Wanna save money and reduce waste with homemade broth? Read on to learn how to make vegetable stock from scraps!
During lockdown, I posted a tutorial on Instagram for how I make vegetable stock from frozen scraps. In social media speak, it got “a ton of engagement” – i.e. lots of people expressed their excitement to try the savvy technique. Seeing how popular this simple idea was, I figured I’d share a guide here, too.
What is Vegetable Scrap Broth
The idea here is to save various veggie peels and ends (like onion skins, carrot peels, celery tops, etc.) and freeze them until you have enough to make broth. Then you simply simmer the scraps in water, strain them out, and bam: vegetable broth.
The point of using scraps instead of whole vegetables is to save full veg for scenarios where you’ll actually eat them – versus boiling the heck out of them and just tossing them in the trash.
Why Make Vegetable Stock From Scraps
There are many benefits to adopting this technique in your kitchen…
- Saving money.

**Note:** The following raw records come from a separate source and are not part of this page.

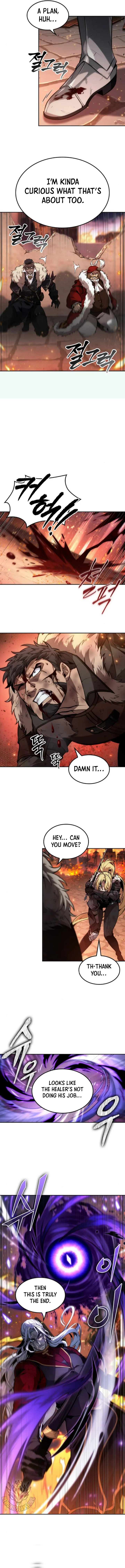 The Last Adventurer Chapter 63 Online - página 5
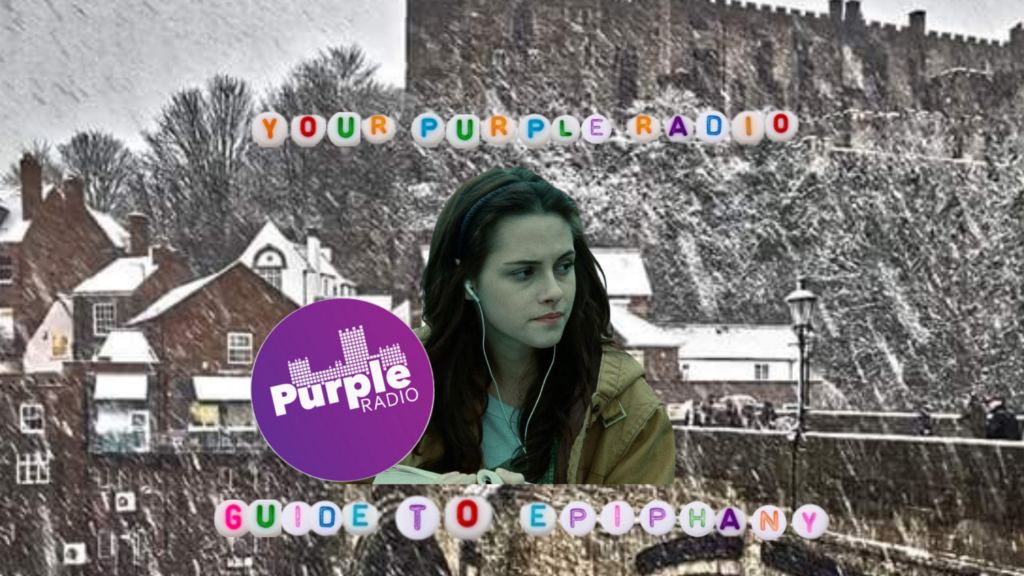 Listen up, Durham: Radio shows for Epiphany Term & beyond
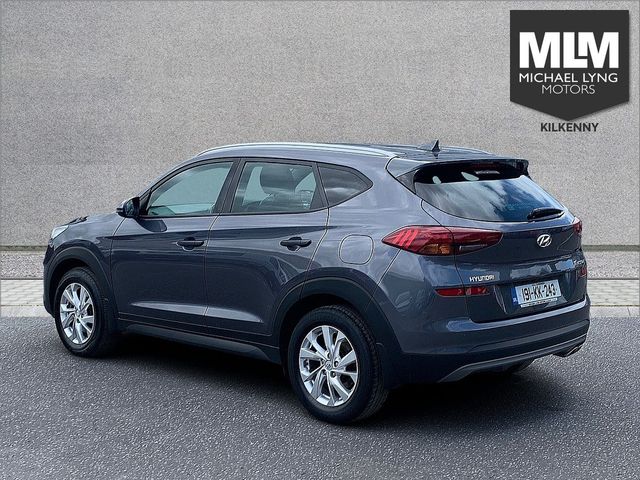 Image for 2019 Hyundai Tucson 2WD Executive
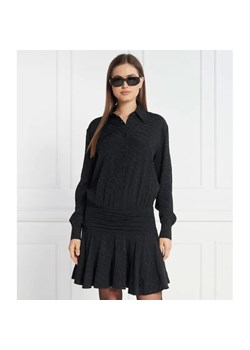 Pinko Sukienka | z dodatkiem jedwabiu ze sklepu Gomez Fashion Store w kategorii Sukienki - zdjęcie 184971297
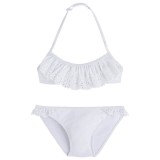 Белый купальник Mayoral 6726-19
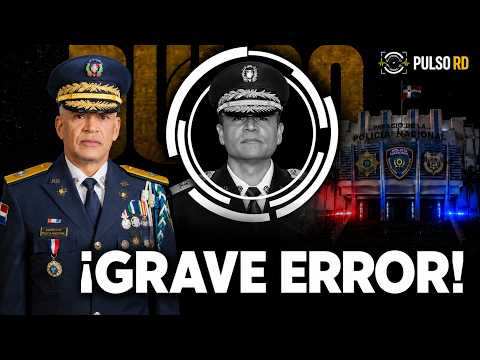 UNBELIEVABLE! THE POLICE CHIEF'S SERIOUS MISTAKE THAT LED TO HIS DISMISSAL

Broth is mostly water, so when you buy it at the store, you’re mostly paying for the packaging.
- Reducing food waste. This technique repurposes scraps that would otherwise be thrown away.
- Reducing waste-waste. Less packaging to deal with keeps excess cartons out of landfills and oceans.
- It’s healthier. Homemade stock is better for you because it has less sodium and you can control the quality of vegetables you use. (A lot of store-bought broths are made from vegetable concentrates and contain preservatives.)
How to Save Scraps
Whenever I’m preparing a veg-heavy dish (like a soup or stir-fry), I keep an empty quart container near my cutting board, so if I have some scraps that fit the bill, I can save them right then and there. I keep the container in the freezer and add to it whenever I have scraps, until I have enough to make a pot of stock. (You can also use use a freezer zip-top bag.) You can keep frozen vegetable scraps for up to 6 months.
What Vegetables to Use for Scrap Broth
Not all vegetables are created equal as far as scrap broth is concerned. Only use vegetables whose flavor you’d typically want expressed in broth, like…
- Onion skins (yes, even the papery bits!)
- Carrot peels
- Celery tops
- Sweet potato skins
- Parsnip skins
- Leek greens
- Mushroom stems
- Fennel tops
- Herb stems (like parsley, cilantro, dill, etc.)
What Vegetables Not to Use in Scrap Broth
Avoid cruciferous veg – like broccoli, cauliflower, and kale stems – which can give broth a sulfuric taste. White potato peels should be avoided, too, as they will make your broth cloudy. Leave out other nightshades, too – like eggplant, zucchini, bell peppers. Beet skins are too earthy and will color the broth red. Don’t include lettuces, since they won’t contribute any flavor.
The only extra thing I add is salt, which draws flavor out of the veggie scraps. You can also dabble with additional flavors like whole garlic cloves, bay leaves, and peppercorns.
How to Use Scrap Veggie Stock
Vegetable scrap broth is ideal for soups, stews, and risotto, and for cooking lentils, beans, and whole grains. You can keep the broth in the fridge for up to 1 week, or freeze it immediately for up to 3 months.
More vegetable goodness this way…
Let me know if you try this recipe! Give it a rating below and leave a comment, and don’t forget to tag @thenewbaguette on Instagram with your creation.Print
Vegetable Stock from Scraps
- Cook Time: 1 hour 30 minutes
- Total Time: 1 hour 30 minutes
- Yield: About 2 quarts 1x
- Category: Sauces
- Method: Stovetop
- Cuisine: n/a
- Diet: Vegan
Making vegetable stock from scraps is a great way to reduce food waste, save money, and keep excess cartons out of landfills. Plus, it’s incredibly easy!
- About 1 quart (4 cups) frozen vegetable scraps* (see note below)
- 2 quarts (8 cups) water
- 3/4 teaspoon salt
- Combine the scraps, water, and salt in a medium pot. Cover tightly with a lid and bring to a boil. Then reduce the heat to low and simmer gently with the lid ajar for 1 1/2 hours.
- Strain into another pot or a large bowl, and discard the vegetables. Divide the broth among lidded containers and cool to room temperature.
- Once cooled, store in the fridge and use within 1 week, or freeze for up to 3 months.
- My go-to scraps are: onion skins, carrot peels, celery tops, sweet potato skins, parsnip skins, leek greens, mushroom stems, fennel tops, herb stems (like parsley, cilantro, dill, etc.).
- Freeze scraps in a takeout-style quart container or freezer zip-top bag. Frozen scraps can be kept for up to 6 months.